Physicists from France and the United States have built a theoretical model that evaluates the error with which a cell evaluates the concentration of irritants molecules in a variable environment. In this model, cells are much more sensitive to weak fluctuations in the concentration of stimuli in a highly diluted solution than in a fixed-concentration model (which consistent with the observations of biologists).
To survive in a volatile environment, single-celled organisms have learned to respond to external stimuli. For example, the infusoria shoe feels that it has swum into an area with a high concentration of salt, and is trying to escape to less salty edges. Obviously, the cell recognizes the impurities of chemical compounds using receptors located on its surface. However, scientists still have a poor understanding of how exactly molecules of substances bind to receptors.
For a long time, researchers believed that the response of the receptor depends only on the average concentration of the irritant substance, but recently biologists have found that in reality cells also feel rapid changes in concentration over time. In particular, additional temporal information helps the cell to more accurately assess the concentration of important substances contaminated with similar impurities and reduce the number of different species Receptors. Without this information, micro-borders could not move through complex environments in which the concentration of substances changes with a characteristic time of a few seconds. Unfortunately, all theoretical models dedicated to the binding of receptors and molecules of stimuli miss such changes because they consider the concentration of stimuli permanent (or at least predictable, for example, linearly growing over time). Therefore, predictions of such models can only be applied in a limited number of cases.
Physicists Thierry Mora and Ilya Nemenman have built the first theoretical model that describes the receptor response to the temporary oscillations of the irritant concentration. To apply techniques from other areas of physics, the scientists moved from variable concentration to variable field associated with the concentration of exposure ( c ( t ) = c 0 e −φ ( t ) ). Considering that the receptor is a flat homogeneous circle located on the surface of the cell, the researchers estimated the rate of binding ligands to the receptor. In addition, the scientists hypothesized that field changes are random wanderings over time with a fixed time scale. In the future, physicists assessed at what minimum scale the cell is still able to feel the fluctuations of concentration.

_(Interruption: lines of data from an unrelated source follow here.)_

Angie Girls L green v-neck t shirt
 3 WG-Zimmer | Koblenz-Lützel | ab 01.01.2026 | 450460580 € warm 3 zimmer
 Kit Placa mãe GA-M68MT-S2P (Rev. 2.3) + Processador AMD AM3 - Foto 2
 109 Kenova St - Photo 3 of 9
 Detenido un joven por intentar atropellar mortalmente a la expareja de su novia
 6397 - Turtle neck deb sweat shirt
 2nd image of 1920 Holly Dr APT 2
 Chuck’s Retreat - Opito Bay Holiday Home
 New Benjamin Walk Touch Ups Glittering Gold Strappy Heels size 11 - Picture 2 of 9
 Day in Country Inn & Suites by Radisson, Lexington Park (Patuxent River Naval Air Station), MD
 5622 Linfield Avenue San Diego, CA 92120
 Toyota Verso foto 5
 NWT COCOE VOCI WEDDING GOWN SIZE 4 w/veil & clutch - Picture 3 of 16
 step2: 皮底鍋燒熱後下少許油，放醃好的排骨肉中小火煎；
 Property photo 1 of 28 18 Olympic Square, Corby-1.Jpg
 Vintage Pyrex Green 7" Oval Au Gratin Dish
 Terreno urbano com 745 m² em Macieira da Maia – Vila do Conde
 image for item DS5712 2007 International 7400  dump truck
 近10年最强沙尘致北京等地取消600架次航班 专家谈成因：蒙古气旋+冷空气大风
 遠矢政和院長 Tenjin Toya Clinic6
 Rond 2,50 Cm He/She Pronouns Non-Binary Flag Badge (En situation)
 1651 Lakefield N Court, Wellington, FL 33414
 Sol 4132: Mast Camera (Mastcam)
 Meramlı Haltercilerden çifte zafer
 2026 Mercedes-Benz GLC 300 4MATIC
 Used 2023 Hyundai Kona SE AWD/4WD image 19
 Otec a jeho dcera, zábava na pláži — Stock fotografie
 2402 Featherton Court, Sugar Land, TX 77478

In the framework of the proposed approach, scientists calculated the probability that the concentration follows a certain function of time, suggested that the receptor binds to molecules at given times, and calculated the posterior probabilities that a particular concentration profile is realized. For simplicity, physicists believed that after binding, the molecules immediately fall off the receptor. Researchers then attempted to predict the probabilities for future concentration distributions based on data collected over a period of time. As a result, scientists have obtained a complex nonlinear equation. To solve this equation, the researchers substituted Gaussian ansatz into it – a probability distribution, which depends on the average value of the field and its dispersion. As a result, scientists obtained a system of two differential equations of the first order. Solving this system, physicists estimated the absolute error with which the proposed model predicts a variable field profile.
Assuming that the rate of binding of the receptor with the stimuli molecules is greater than the characteristic time of its concentration oscillation, the scientists found a relative error with which molecule assesses the concentration of molecules. It turned out that it is inversely proportional to the root of the fourth degree from the concentration and speed of binding. This score is perfectly consistent with the numerical simulation scan performed in the same approximations. At the same time, in a standard model that considers concentration to be constant, the relative error is inversely proportional to the square root of the degree of concentration and speed Link. In other words, the refined model shows that the cell senses much weaker stimuli that occur in highly diluted solutions.
Finally, physicists applied the constructed model to a plausible biological system – a biochemical network that describes the transmission of signals within the cell. In this case, scientists also received a similar assessment of cell sensitivity, which coincided with the results of numerical simulation.